Além disso, quando ligavam para o número indicado para reivindicar o prêmio, eram transferidos para falar com o gerente de negócios Markus CranCran que é 'Narc', de narcóticos, ao contrário. Tudo isso enquanto a música I Fought the Law ('Lutei Contra a Lei') tocava ao fundo.

O plano deu tão certo que na manhã de 15 de dezembro, um advogado que representava a emissora local do jogo dos Redskins foi até o posto de comando da polícia para emitir uma reclamação contra a Flagship International, por eles não terem a licença apropriada para operar no distrito.

Os delegados e os oficiais passaram seis semanas treinando para a operação, o que incluiu três ensaios gerais. Agentes também foram trazidos de fora de Washington, pois temia-se que alguns dos fugitivos pudessem reconhecer os Marshal locais que os guardavam nos tribunais ou os levavam para a prisão.

Operação em prática

Para dar tudo certo no dia, os agentes chegaram no local por volta das 5h30 da manhã para montar a operação. Para minimizar os risco, duas áreas foram separadas dentro do centro de convenções do estádio.

Uma para os "convidados" e outra onde os fugitivos ficariam em menor número, o que facilitaria as prisões. Um artigo do Southwest Times Record relatou que os criminosos estavam tão ansiosos com o prêmio que muitos deles chegaram ao endereço às 8h, quando o convite claramente dizia às 9h.

Para deixar tudo mais realista possível, policiais se disfarçaram de vendedores de balões, atendentes do brunch e puxavam coro de Viva os Redskins. Até mesmo um agente estava fantasiado como o mascote San Diego Chicken. Mas todos estavam armados por baixo de seus disfarces.

Agentes Marshal disfarçados/ Crédito: U.S Marshal

Quando os fugitivos chegaram, delegados de polícia, se passando por funcionários da Flagship International, verificaram suas identidades e lhe deram crachás codificados por cores.

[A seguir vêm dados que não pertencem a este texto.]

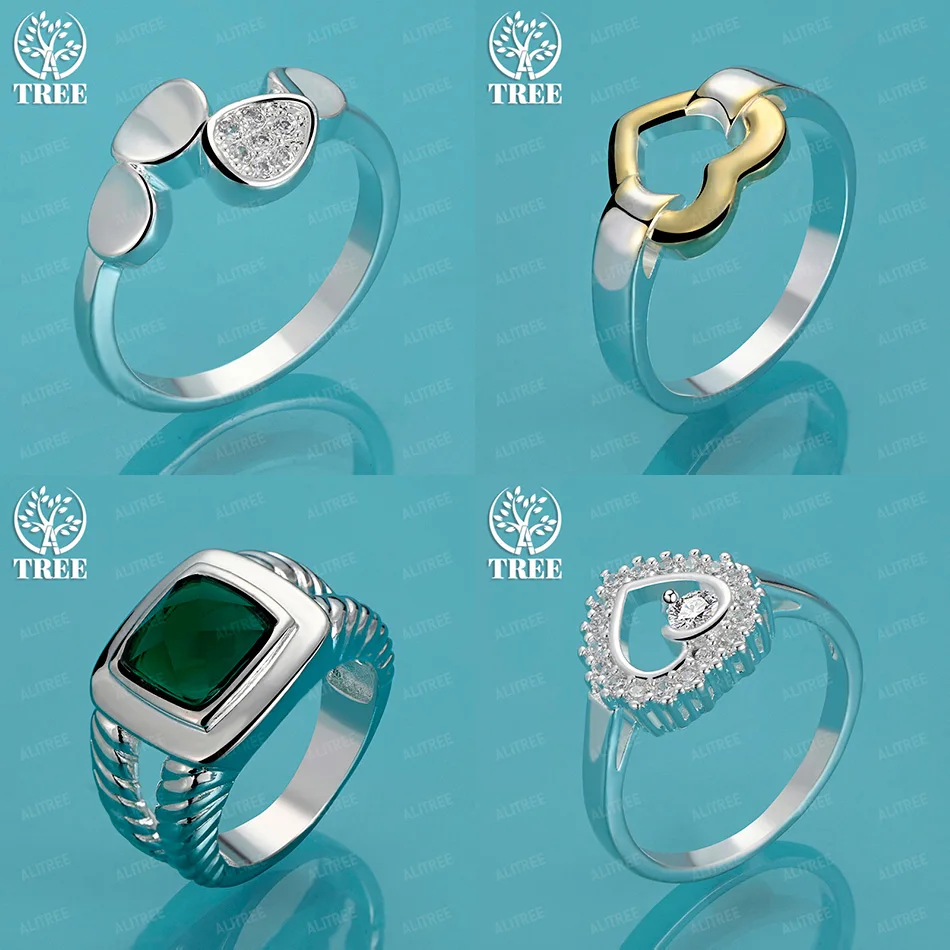 Luxury 925 Sterling Silver Gold Heart Green Gemstone AAA Zircon Ring For Women Wedding Party Beautiful Jewelry Accessories
Luxury 925 Sterling Silver Gold Heart Green Gemstone AAA Zircon Ring For Women Wedding Party Beautiful Jewelry Accessories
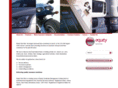 equityredstar.co.uk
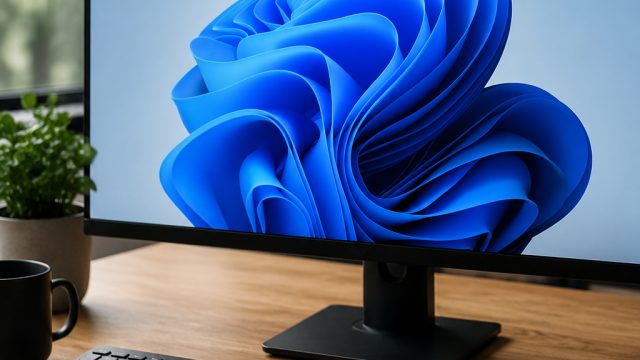 Top 5 Must-Have Apps for Windows Users in 2023 | r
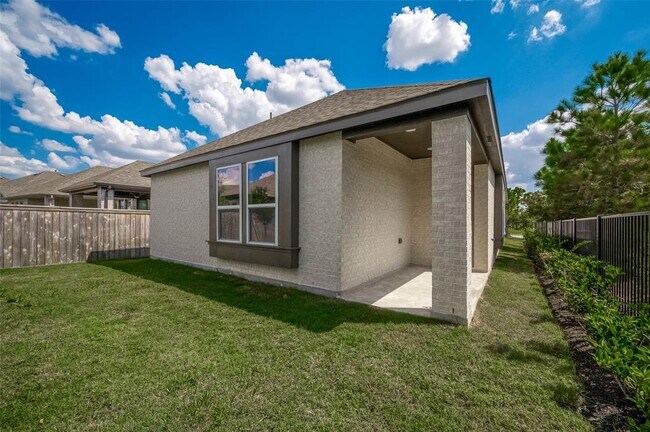 Building Photo - 20942 Tortoise Shell Way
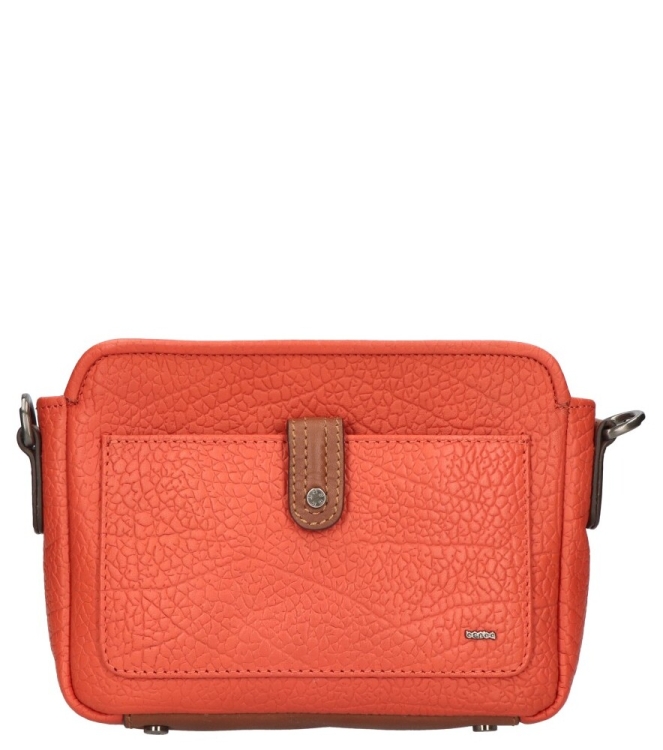 Berba Berba tas <span>125-059-68</span> Mandarin Berba tas <span>125-059-68</span> 125-059-68 oranje - www.bremmerschoenen.pro - Bremmer Schoenen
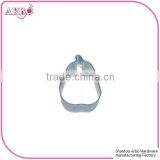 Stainless Steel Multi Cookie Biscuit Cake Cutters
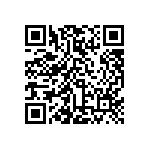 SIT9121AC-1C3-25E156-250000X QRCode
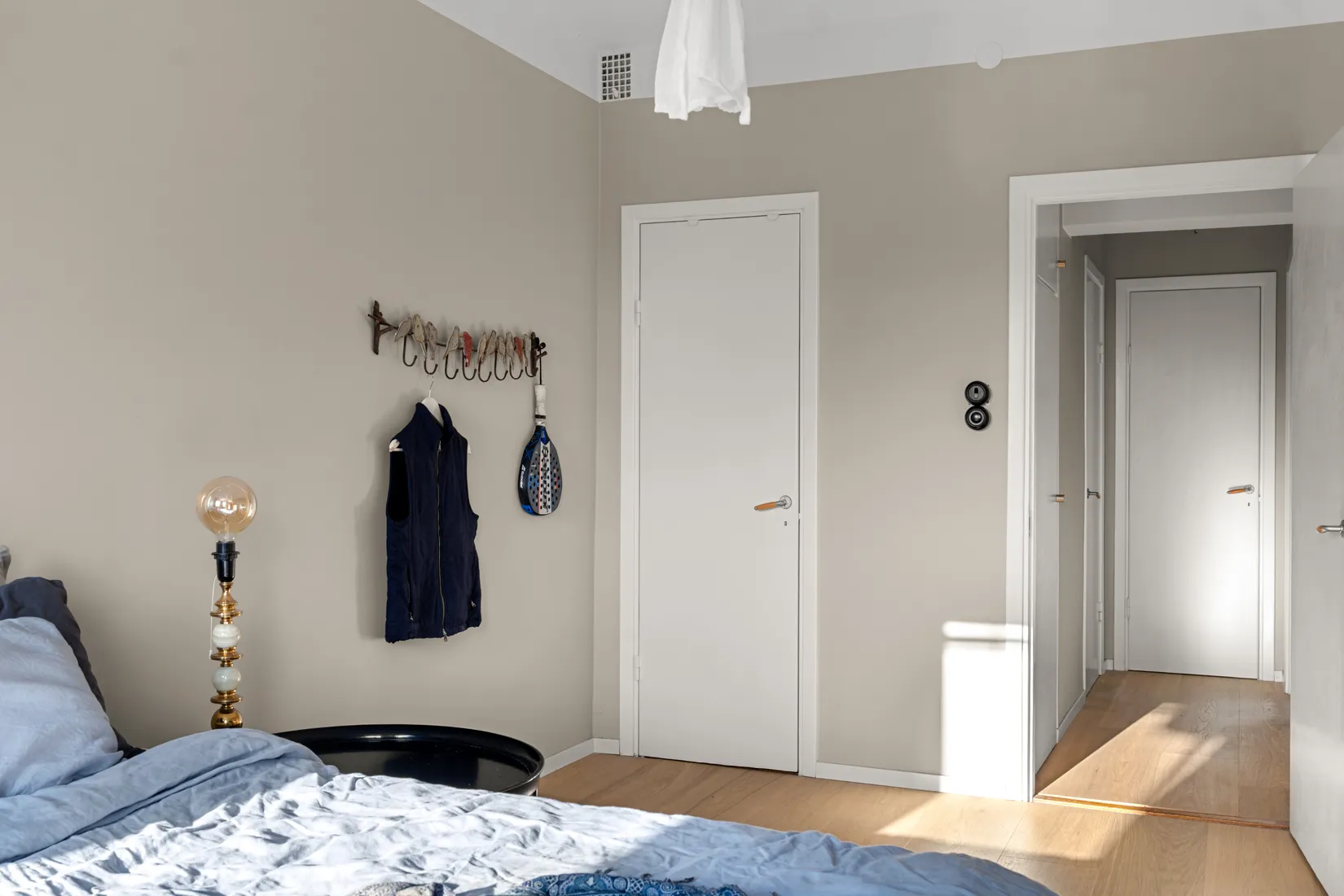 Bostadsrätt, Nynäsvägen 17A, Nynäshamn centralt, Nynäshamn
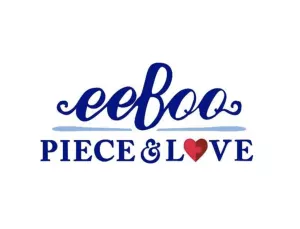 Eeboo
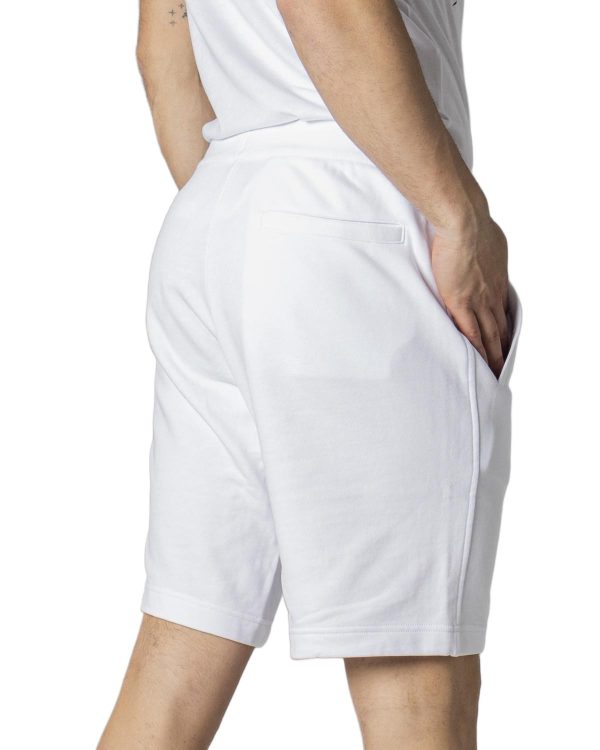 Armani Exchange Bermuda Homem - 257128 – Image 2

Segundo o The Washington Post, haviam palavras usadas como códigos também, como o termo "double winner" ('vencedor duplo'), usado quando um fugitivo específico era considerado perigoso.

Policiais disfarçadas se passando por líderes de torcida foram encarregadas de revistar discretamente os fugitivos em busca de armas escondidas. Assim, elas ofereciam abraços ou colocavam os braços em volta da cintura dos criminosos toda vez que iam os conduzir para outra área.

Chefe de operações de fiscalização do U.S. Marshals, Louie McKinney, serviu como mestre de cerimônias. Usando uma cartola, quando ele dissesse "para os vencedores" era a hora dos delegados entrarem em ação.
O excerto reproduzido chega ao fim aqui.